Motivation Is a Spark, Not the Engine (And Here’s What Really Drives Progress)

Image of an engine start / stop button

This article was originally published August 11, 2025, but mid-January felt like the right time to bring it back to the surface.

Not because the idea is new, but because this is usually the moment when it starts to matter.

By now, the New Year buzz has worn off. The excitement of fresh goals and clean slates has given way to real life… busy weeks, missed sessions, imperfect meals, and the quiet realisation that motivation isn’t showing up the way it did at the start.

For a lot of people, this is where doubt creeps in.

They assume that if the fire isn’t burning as hot, something must be wrong. That they’ve already failed. That maybe they just don’t have the discipline they thought they did. So they wait. They wait to feel motivated again, or they scrap the plan entirely and promise themselves they’ll “start fresh” later.

But this is exactly the point the original piece was written to address.

Motivation was never meant to carry you through the long middle. It’s volatile by nature, and relying on it as the driving force is why so many well-intentioned January plans quietly stall by February.

What actually moves the needle, especially when enthusiasm fades, is something far less glamorous… habits, defaults, and the ability to keep executing even when the spark is gone.

If you’re reading this in mid-January and things feel harder than you expected, that doesn’t mean you’re off track. It means you’re right on schedule.

Let’s revisit why motivation is only the spark, and what really keeps the engine running once it fades.


Motivation Is a Spark, Not the Engine (And Here’s What Really Drives Progress)

There’s a strange misconception that floats around in the fitness, nutrition, and personal development world that if you’re doing something worthwhile, you’ll feel fired up about it every day.

That people who succeed must somehow live in a constant state of excitement and motivation, ready to leap out of bed at 5am for a workout or prep their meals with a smile.

The reality is… they don’t.

Even the most successful people aren’t constantly motivated and pumped up about what they need to do to make progress. (OK, maybe with the exception of Arnold Schwarzenegger… but he’s a bit of an outlier.)

The reason they succeed, and the way WE can succeed, is by leaning on the small habits we’ve built to carry us forward through the dips and ebbs in motivation.

 

Motivation Gets You Started, But It Won’t Keep You Going

Motivation is exciting at the start. It’s the buzz that comes with new plans, fresh goals, and the novelty of trying something different. That’s often what gets people moving in the first place.

But motivation is also unpredictable. It comes and goes, often without warning, and it’s usually not there when you need it most.

As James Clear puts it:

“Motivation comes and goes. If you want to do something consistently, then don't pick a level of difficulty that requires great motivation.

Make it easy enough and simple enough that you'll do it even when you don't feel very motivated.”

The problem comes when we confuse starting with continuing. If you rely solely on that early spark, the first low-energy day will knock you off track. And if you’re waiting for motivation to “come back,” you might be waiting a long time.

 

When to Push Through, and When to Adjust Course

I’m not saying you have to be “always on” all the time.

Sometimes the best move forward is actually a pause, a sidestep, or even a step back. But that’s very different from simply doing nothing because you “don’t feel like it.”

When clients tell me they’ve “lost” their motivation, we look at two things:

Have their big-picture goals changed?

Sometimes people realise they’re working toward something that’s no longer important to them, or that no longer aligns with where they’re at in life. In that case, the path forward needs to change, too.
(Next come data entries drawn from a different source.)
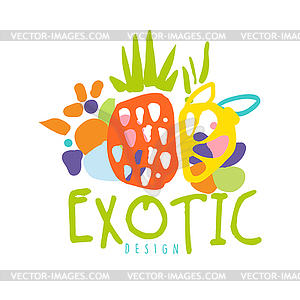 Exotic logo design with tropical fruits colorful - vector image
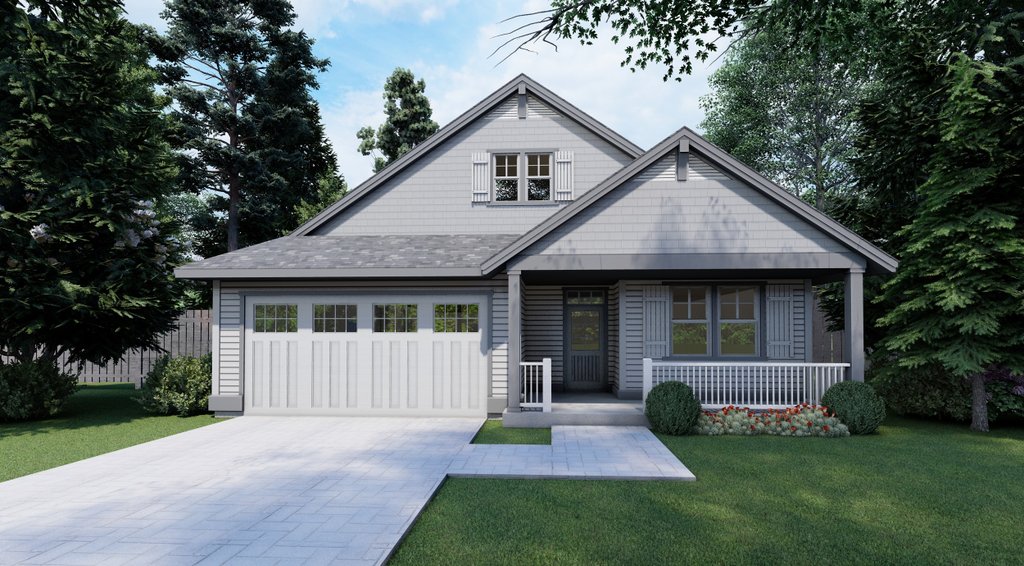 Exterior - Front Elevation 2 for Craftsman House Plan #53-515 - 3 bed, 2 bath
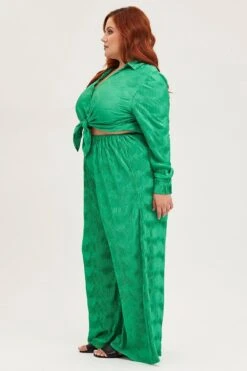 Green Plisse Pants Wide Leg High Rise -You And All Fashion Store cbt8224x 36p green 4 2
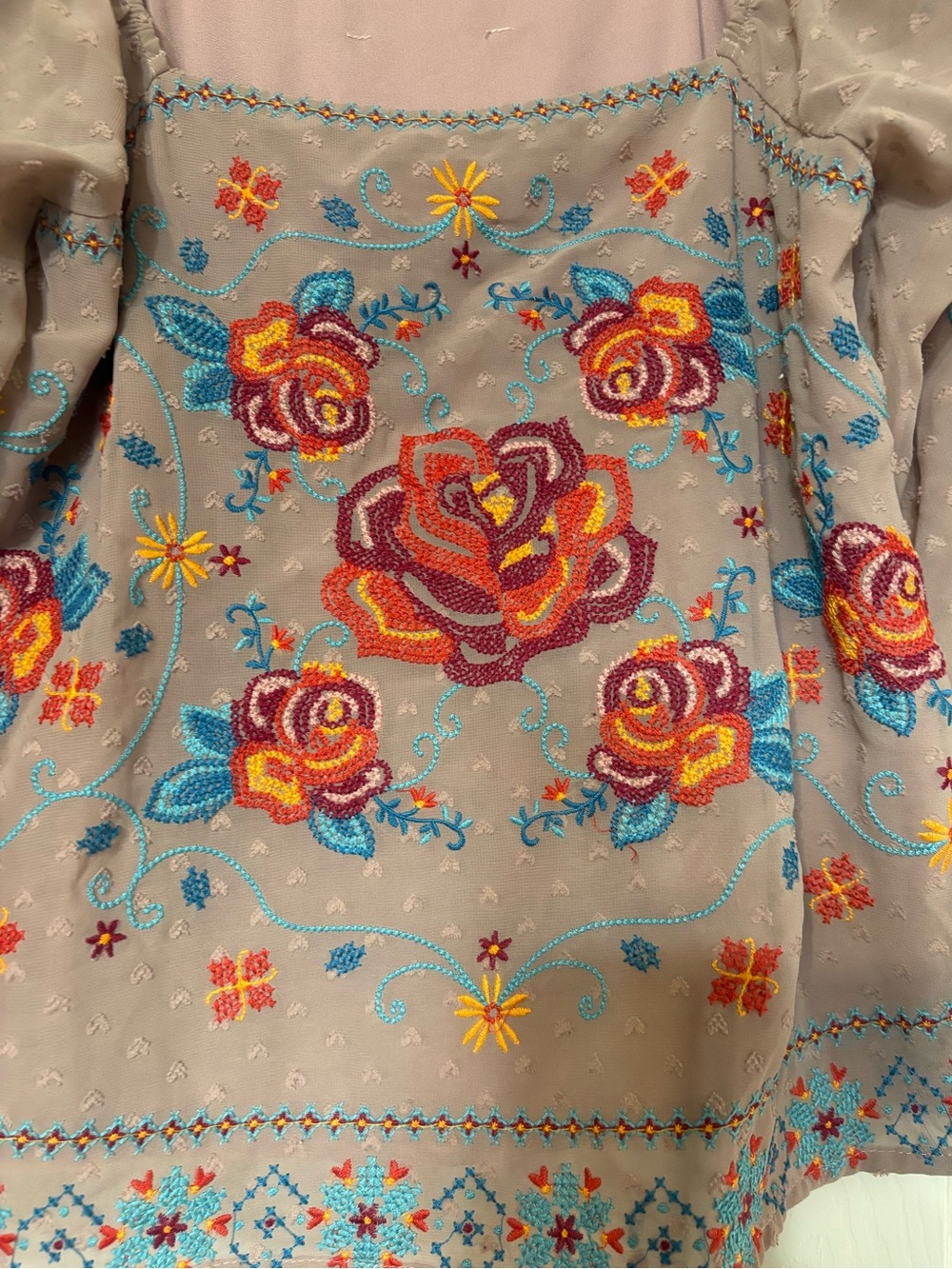 Savanna Jane Top Embroidered Blouse Boho Long Sleeve Floral Peasant - Picture 2 of 7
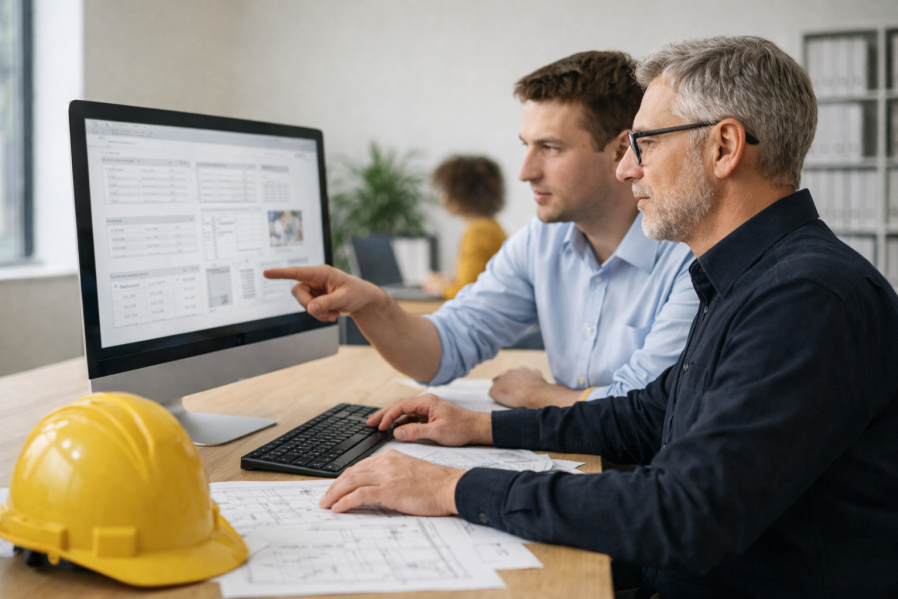 Mann arbeitet im Büro konzentriert am Laptop, auf dem Schreibtisch liegt ein gelber Bauhelm neben Bauplänen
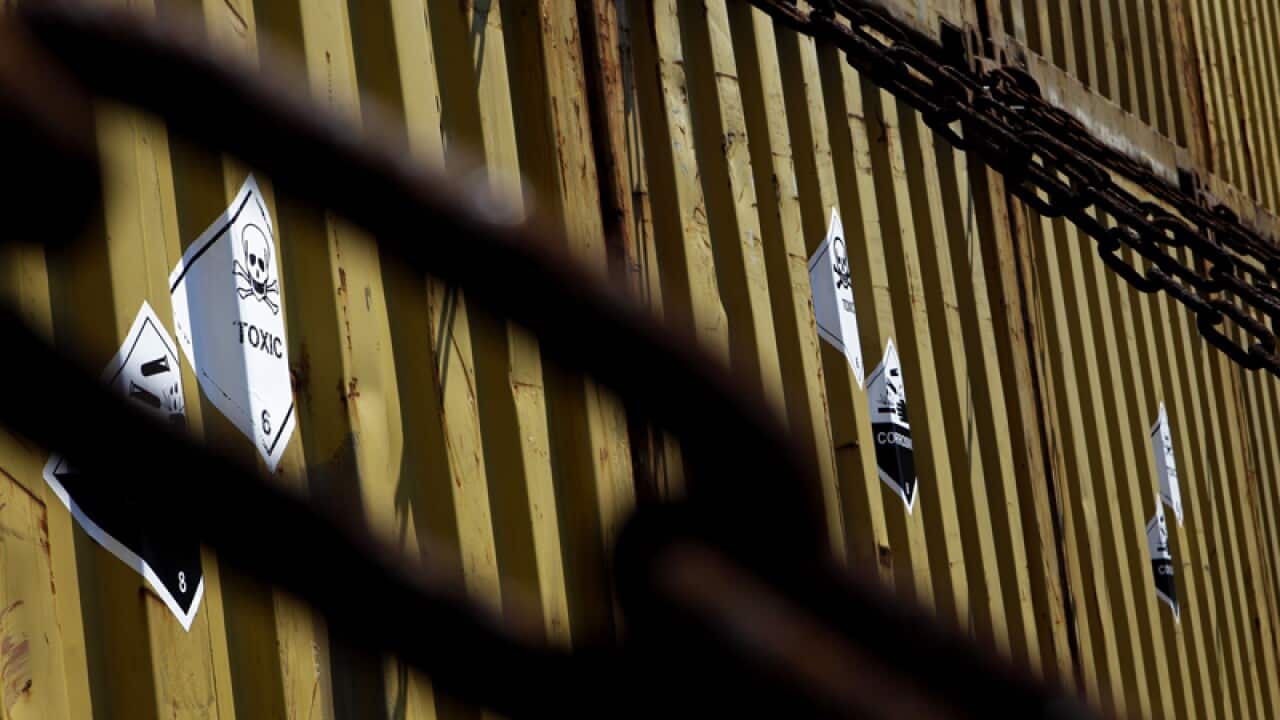 Containers carrying Syria's dangerous chemical weapons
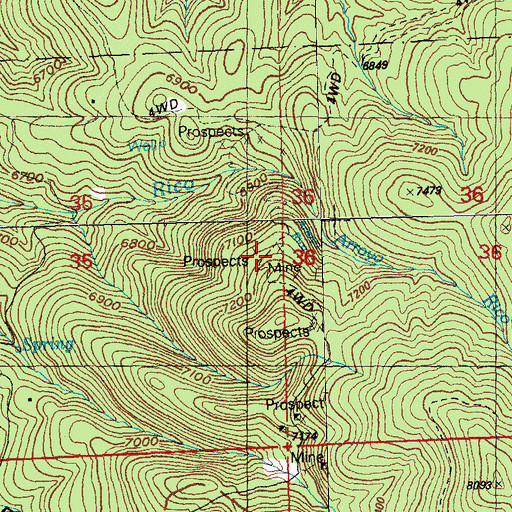 Topographic Map of Houston-Thomas Mine, NM
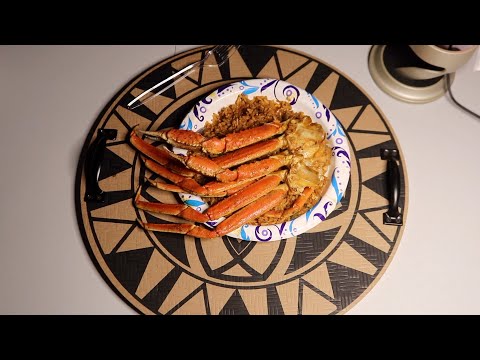 Cajun Garlic Butter Snow Crab Rice Dinner ASMR Eating Sounds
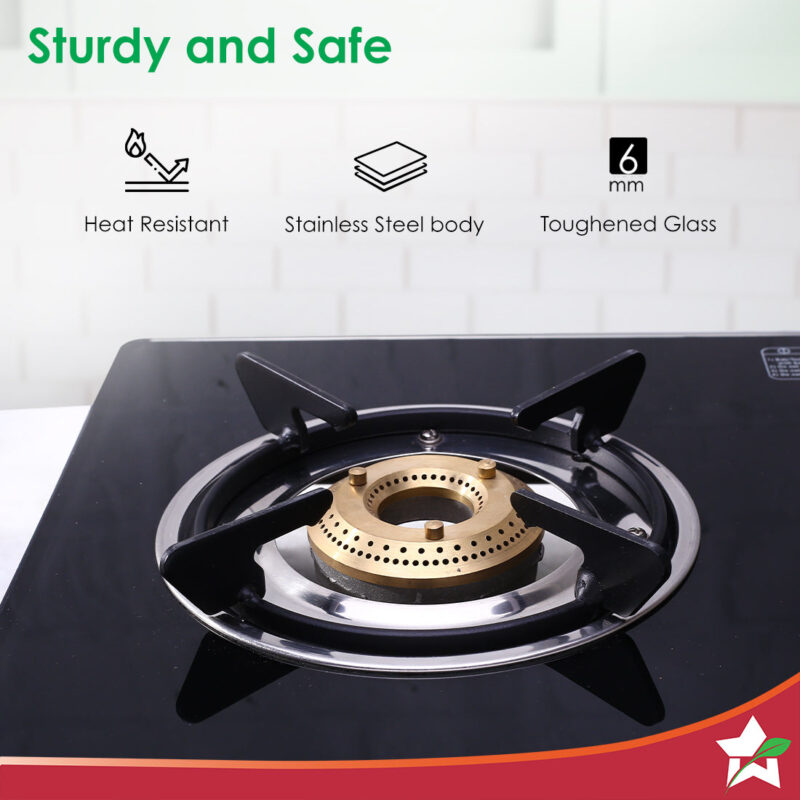 Galaxy 2 Burner Cooktop | 1 Medium, 1 Small Wide Spaced Burners | Highly Efficient Tri-pin Brass Burners | Precise Flame Control | BIS Approved 6mm Toughened Glass Top | 2 Year Warranty - Image 2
As Mackenzi Lee wrote in The Lady’s Guide to Petticoats and Piracy:

“It is not a failure to readjust my sails to fit the waters I find myself in.”

If the waters have changed, it’s smart, NOT weak, to adjust your course.

If the goals are still the same, what’s affecting their motivation right now?

This could be stress at work, family responsibilities, feeling discouraged by slow visual progress, or simply being mentally tired.

Once we understand the factors at play, we can work out strategies to navigate through or around them.

(Related reading: High Performer, Harsh Critic: When Success in One Area Feeds Self-Doubt in Another)

 

The Role of Habits in the Motivation Gap

Here’s where habits become the secret weapon.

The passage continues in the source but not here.